What to do >> All of the entries are to be repeated exactly, with no pictures included.

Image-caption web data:

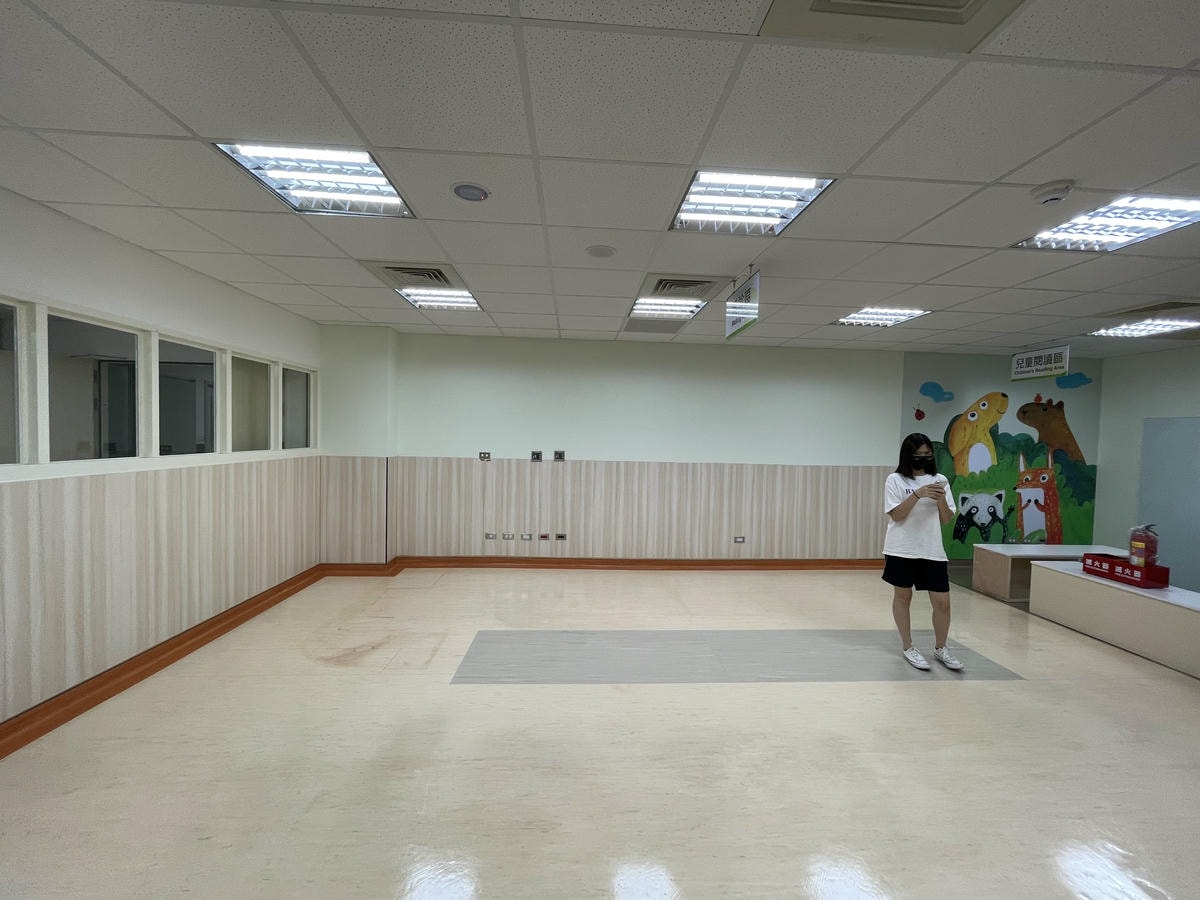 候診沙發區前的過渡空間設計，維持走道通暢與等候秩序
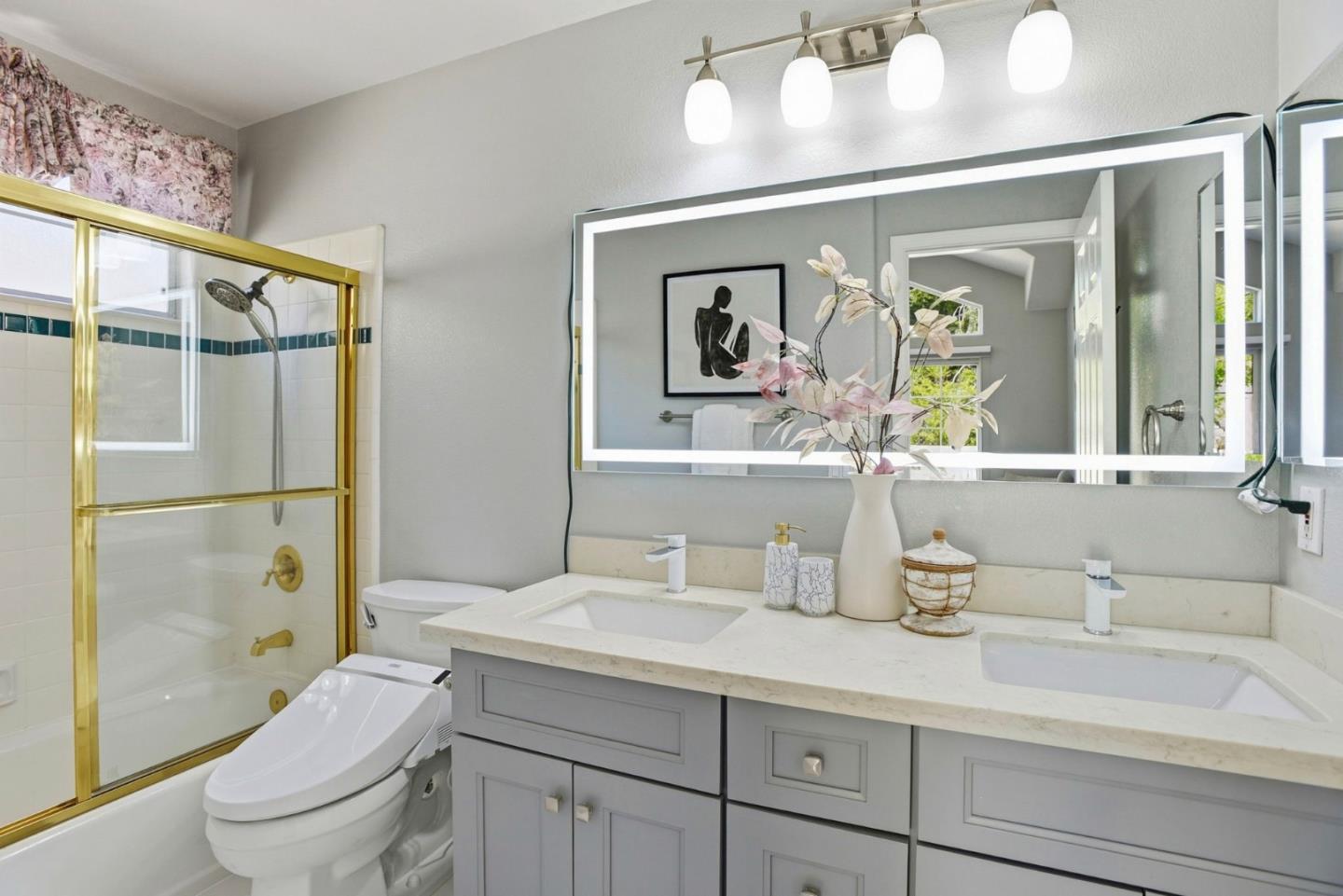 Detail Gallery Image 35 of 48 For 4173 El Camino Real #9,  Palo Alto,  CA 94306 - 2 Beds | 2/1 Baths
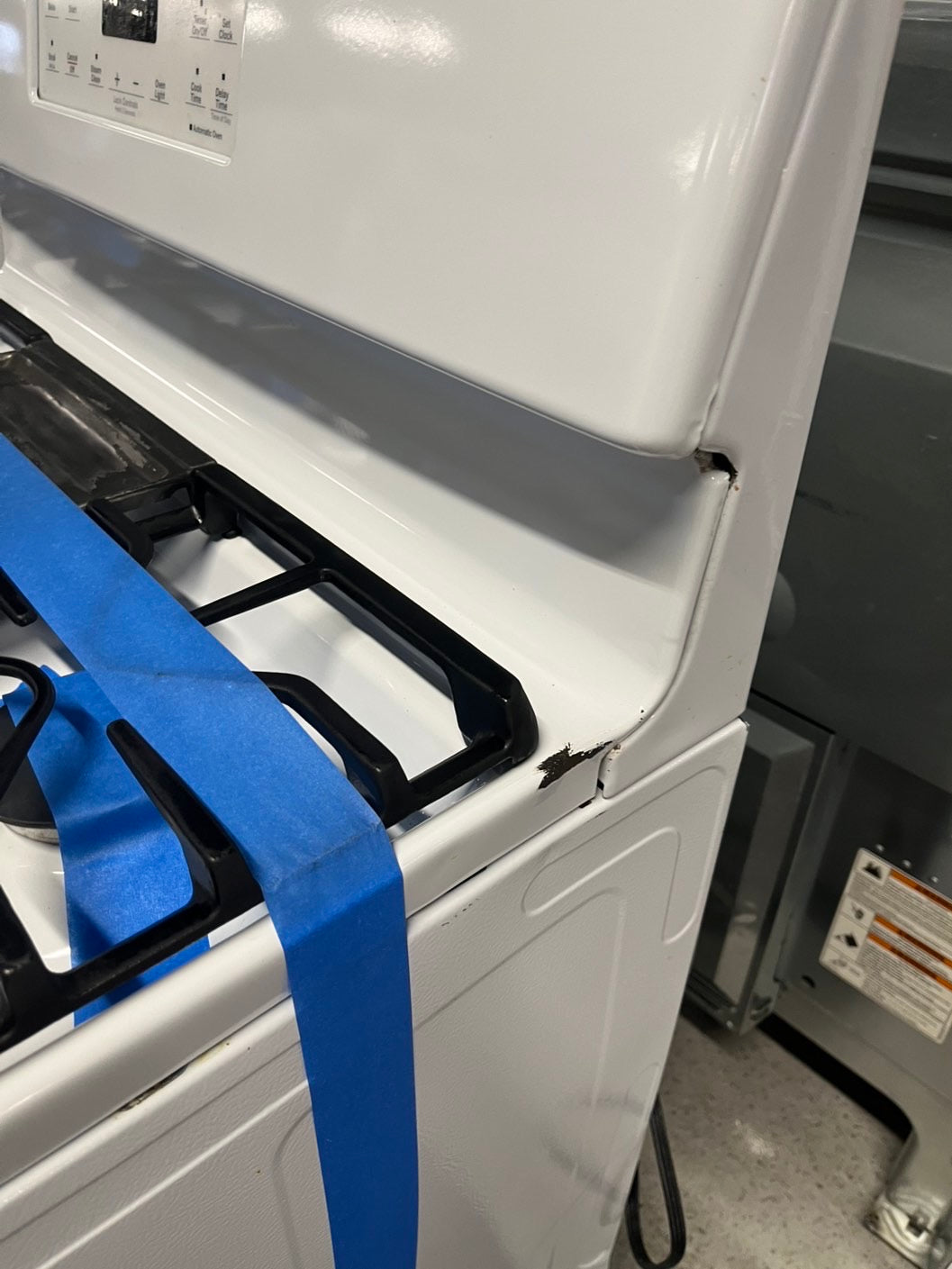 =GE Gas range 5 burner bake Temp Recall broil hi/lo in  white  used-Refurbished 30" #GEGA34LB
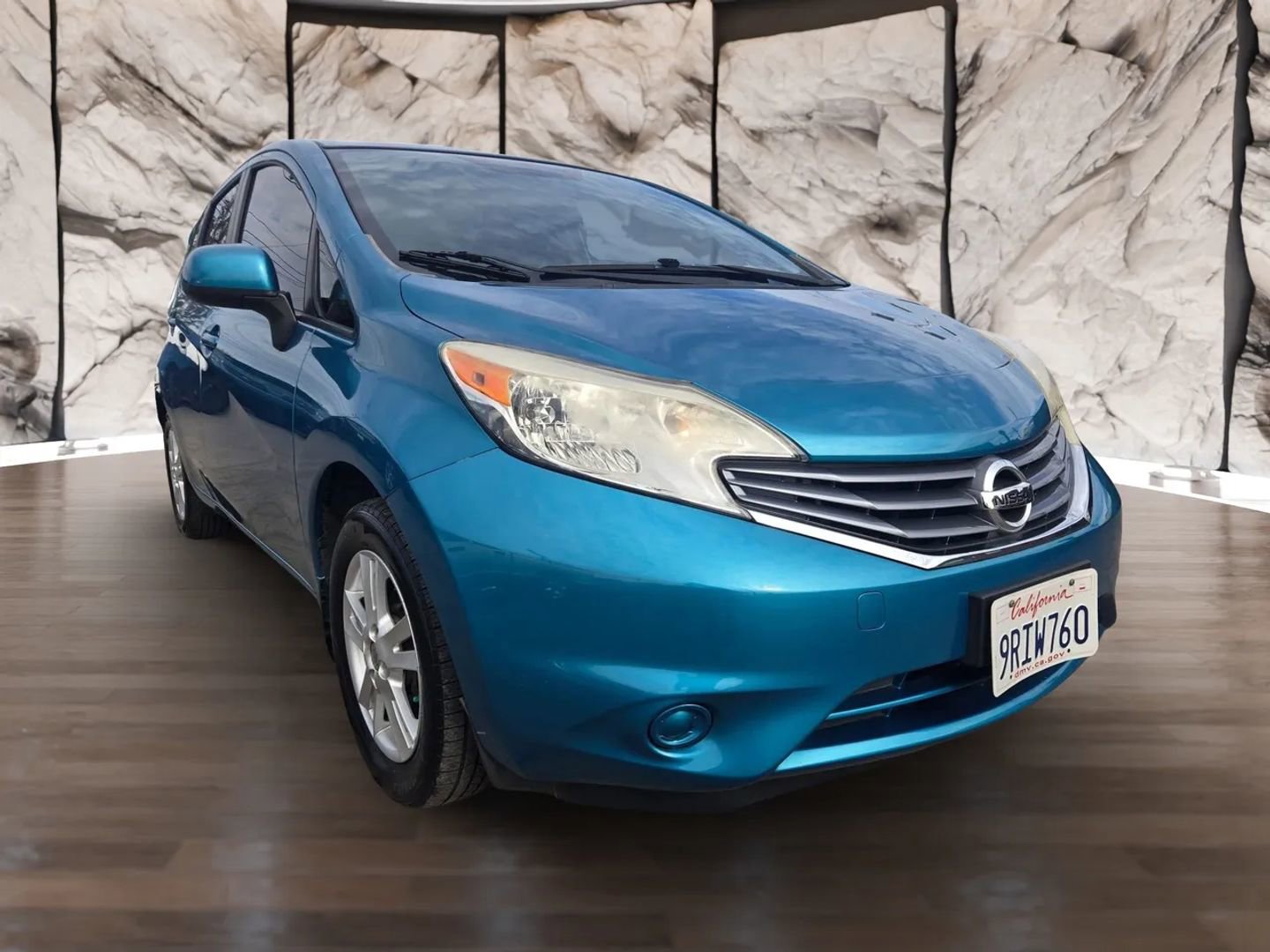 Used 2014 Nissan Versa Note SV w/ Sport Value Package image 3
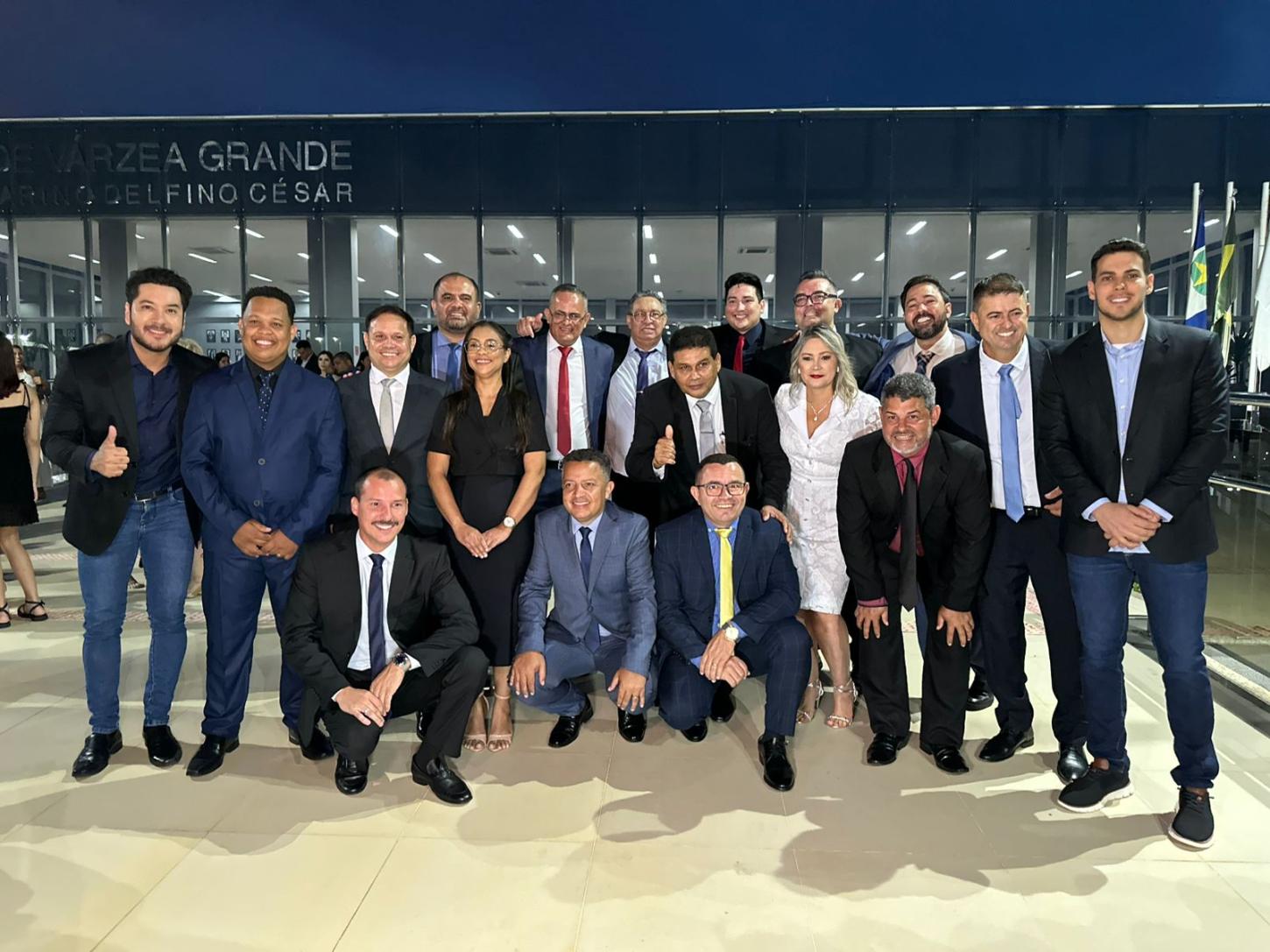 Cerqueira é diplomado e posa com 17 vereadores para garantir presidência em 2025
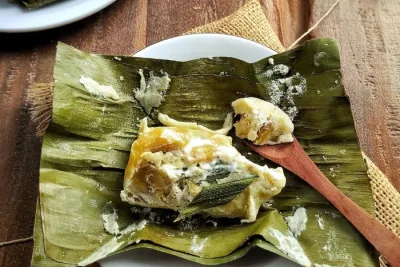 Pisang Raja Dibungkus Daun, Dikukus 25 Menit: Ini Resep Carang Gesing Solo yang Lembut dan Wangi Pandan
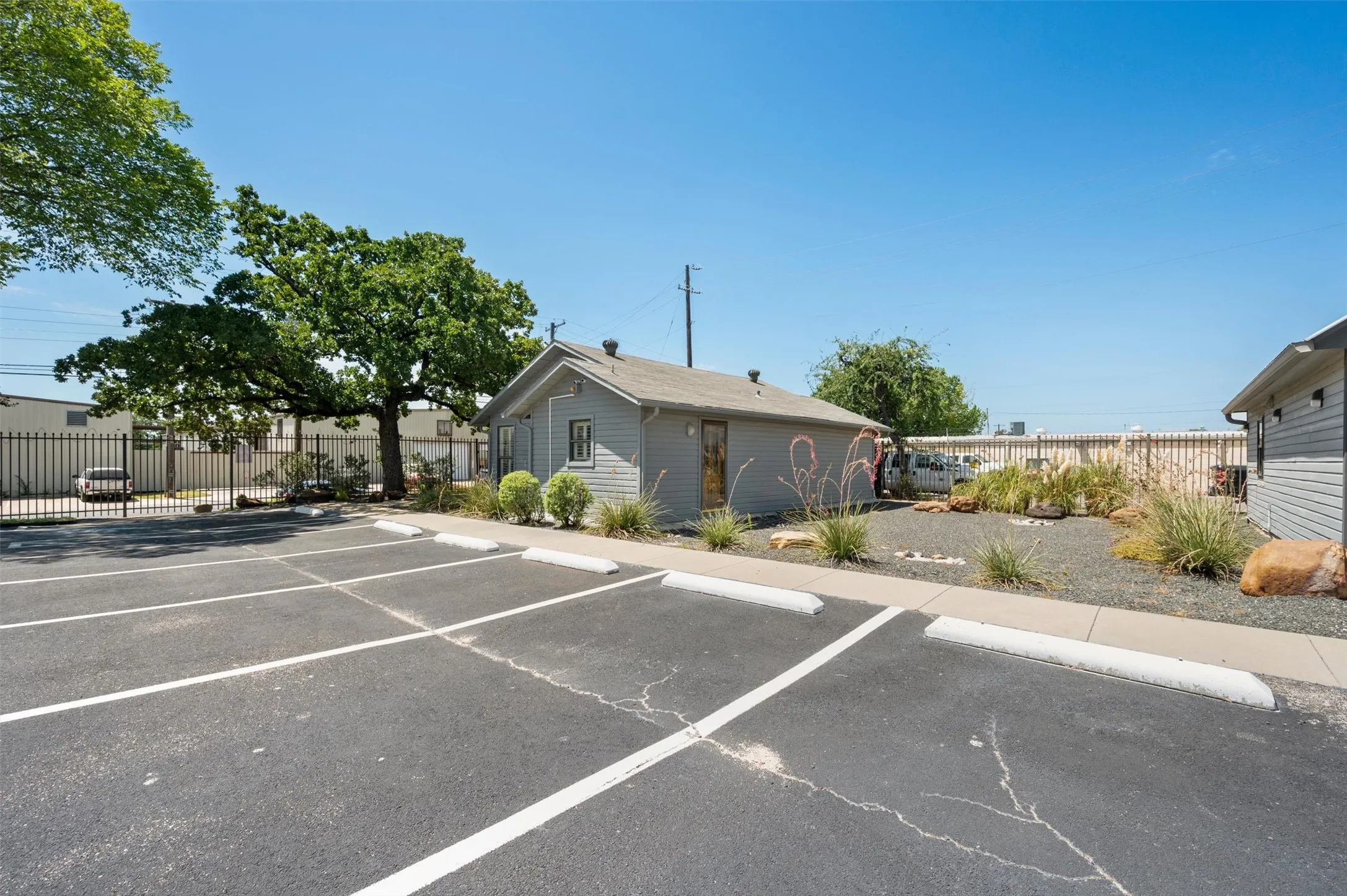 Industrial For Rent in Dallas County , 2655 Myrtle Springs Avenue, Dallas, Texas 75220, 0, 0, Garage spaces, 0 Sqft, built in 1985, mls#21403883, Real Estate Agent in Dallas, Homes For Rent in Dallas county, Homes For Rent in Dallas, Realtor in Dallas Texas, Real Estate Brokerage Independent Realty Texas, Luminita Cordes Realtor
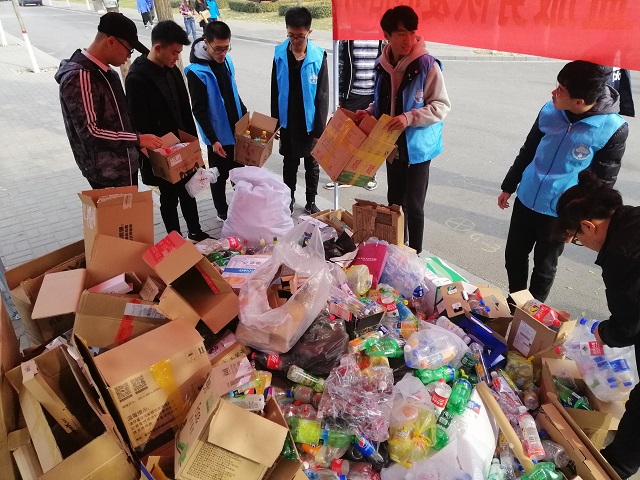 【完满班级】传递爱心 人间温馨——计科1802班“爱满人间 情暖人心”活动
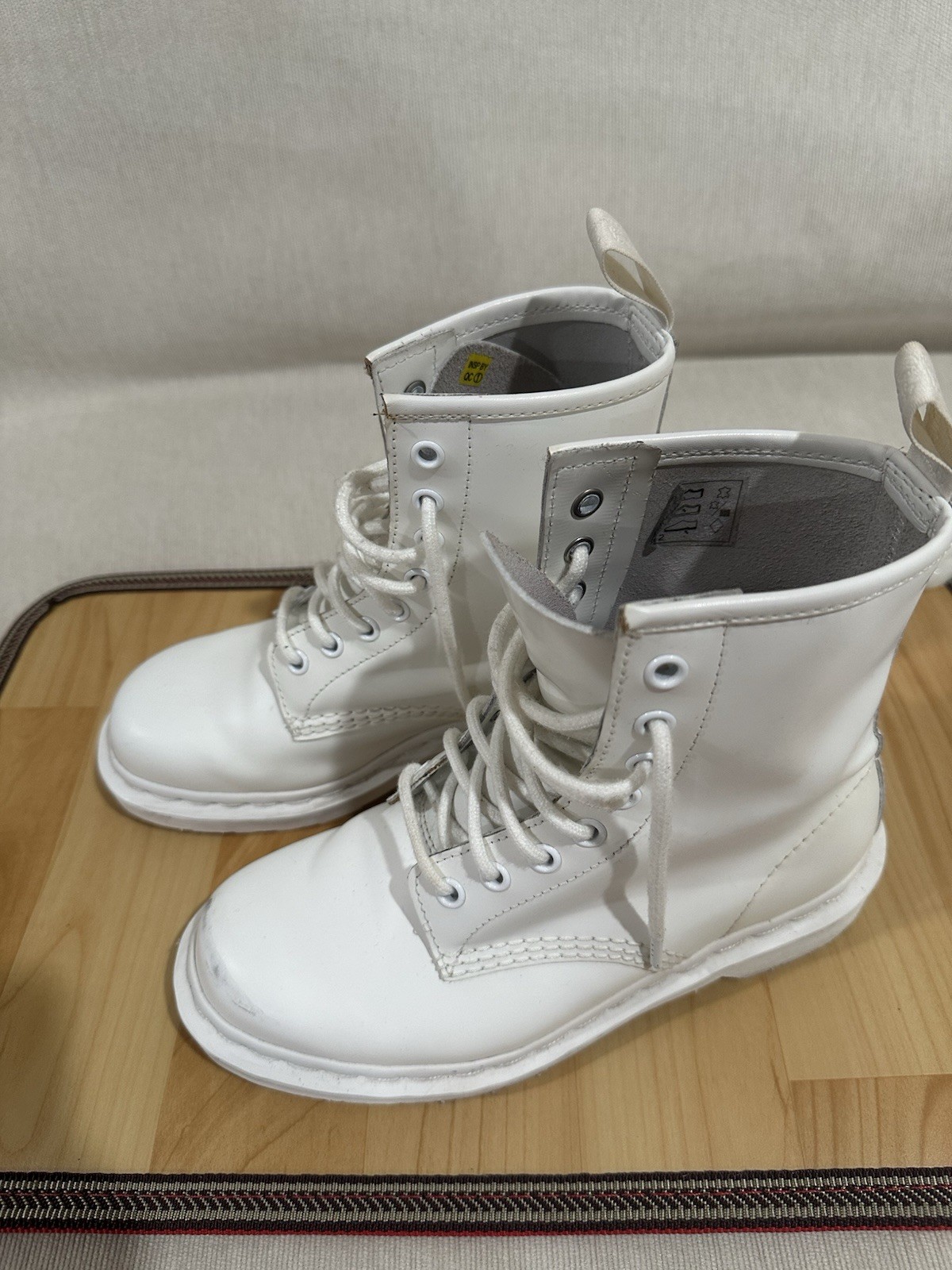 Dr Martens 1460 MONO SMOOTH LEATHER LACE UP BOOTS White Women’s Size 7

Written solution >>
 候診沙發區前的過渡空間設計，維持走道通暢與等候秩序
 Detail Gallery Image 35 of 48 For 4173 El Camino Real #9,  Palo Alto,  CA 94306 - 2 Beds | 2/1 Baths
 =GE Gas range 5 burner bake Temp Recall broil hi/lo in  white  used-Refurbished 30" #GEGA34LB
 Used 2014 Nissan Versa Note SV w/ Sport Value Package image 3
 Cerqueira é diplomado e posa com 17 vereadores para garantir presidência em 2025
 Pisang Raja Dibungkus Daun, Dikukus 25 Menit: Ini Resep Carang Gesing Solo yang Lembut dan Wangi Pandan
 Industrial For Rent in Dallas County , 2655 Myrtle Springs Avenue, Dallas, Texas 75220, 0, 0, Garage spaces, 0 Sqft, built in 1985, mls#21403883, Real Estate Agent in Dallas, Homes For Rent in Dallas county, Homes For Rent in Dallas, Realtor in Dallas Texas, Real Estate Brokerage Independent Realty Texas, Luminita Cordes Realtor
 【完满班级】传递爱心 人间温馨——计科1802班“爱满人间 情暖人心”活动
 Dr Martens 1460 MONO SMOOTH LEATHER LACE UP BOOTS White Women’s Size 7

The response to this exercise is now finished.